Records to use START

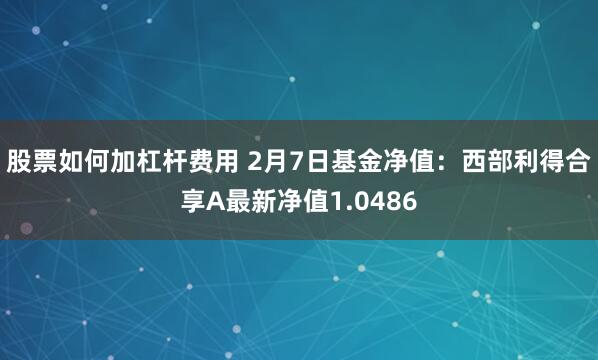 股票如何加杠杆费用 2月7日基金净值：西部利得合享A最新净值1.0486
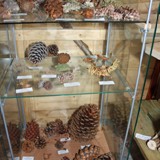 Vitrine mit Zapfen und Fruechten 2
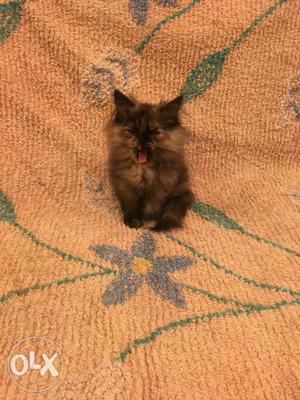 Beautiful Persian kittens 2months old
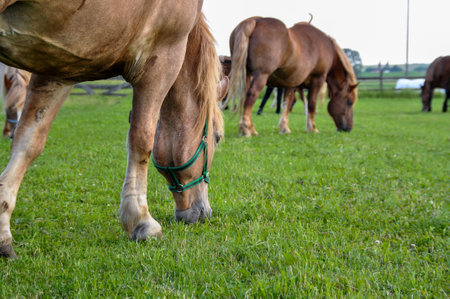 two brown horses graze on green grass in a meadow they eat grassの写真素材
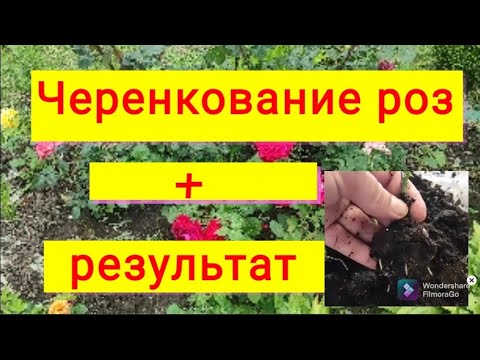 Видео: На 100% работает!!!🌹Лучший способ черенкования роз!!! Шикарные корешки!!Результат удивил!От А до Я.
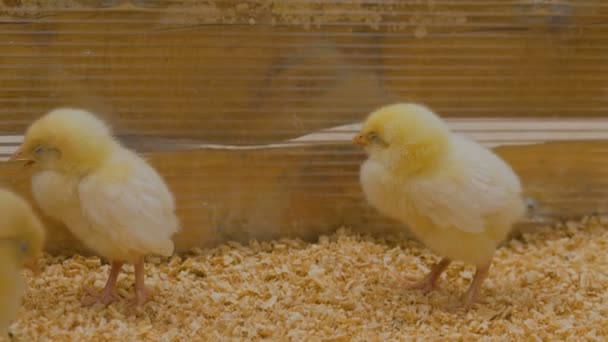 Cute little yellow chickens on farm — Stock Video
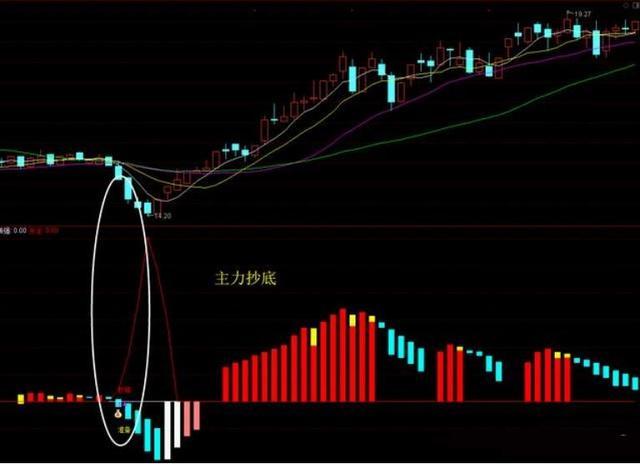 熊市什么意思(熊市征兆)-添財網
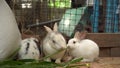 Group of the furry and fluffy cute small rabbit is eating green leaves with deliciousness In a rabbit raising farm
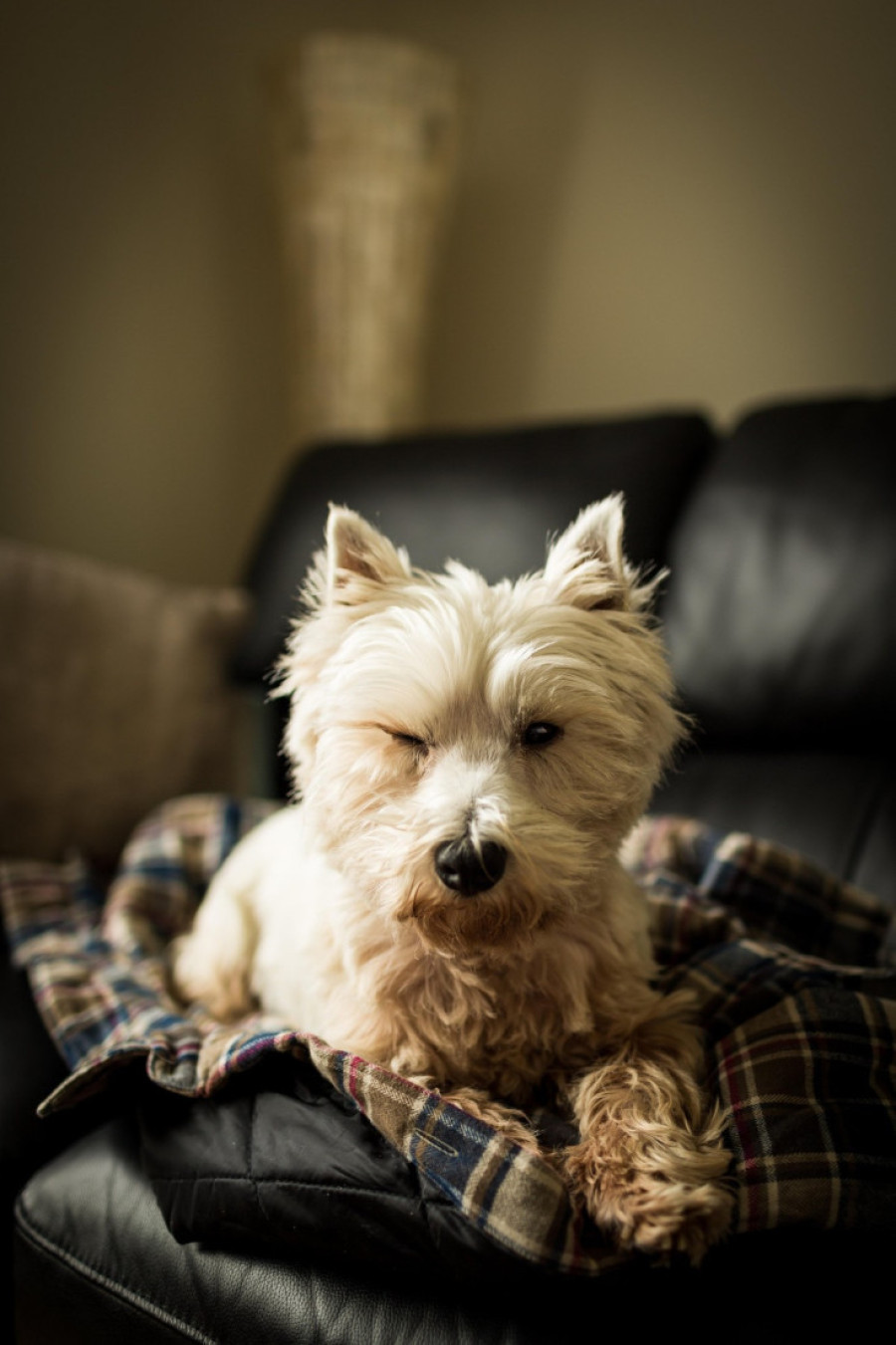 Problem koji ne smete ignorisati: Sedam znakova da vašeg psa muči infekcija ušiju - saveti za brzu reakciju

Records to use END
Records to use START

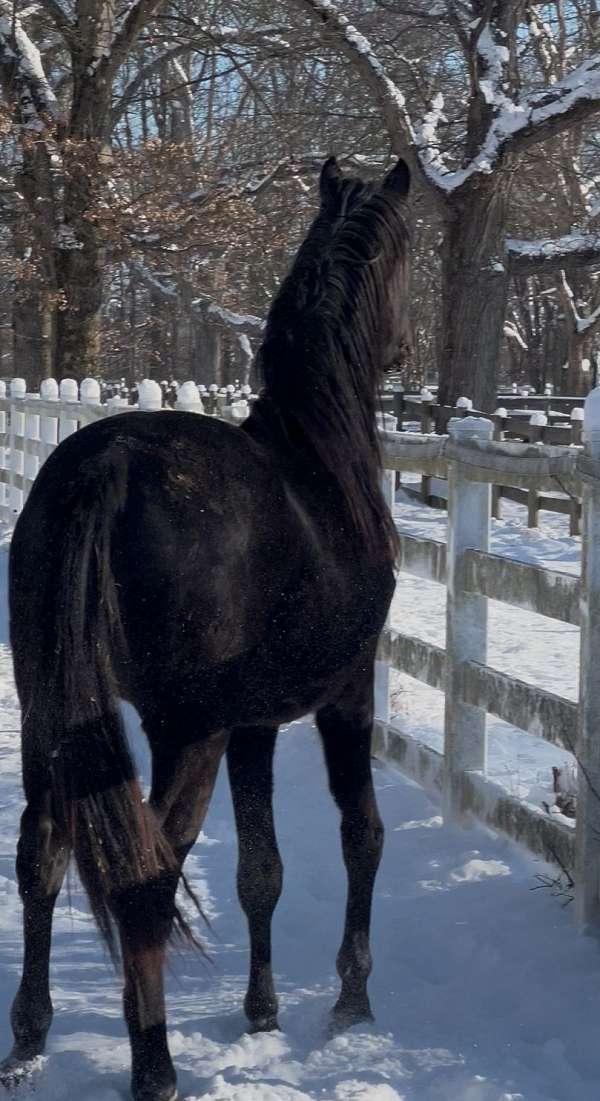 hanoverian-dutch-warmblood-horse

Records to use END

Beginning at the line that has "熊市什么意思(熊市征兆)-添財網" and ending at the line that has "Problem koji ne", restate the listing above word for word, pictures left out.

▶ Answer box
 熊市什么意思(熊市征兆)-添財網
 Group of the furry and fluffy cute small rabbit is eating green leaves with deliciousness In a rabbit raising farm
 Problem koji ne smete ignorisati: Sedam znakova da vašeg psa muči infekcija ušiju - saveti za brzu reakciju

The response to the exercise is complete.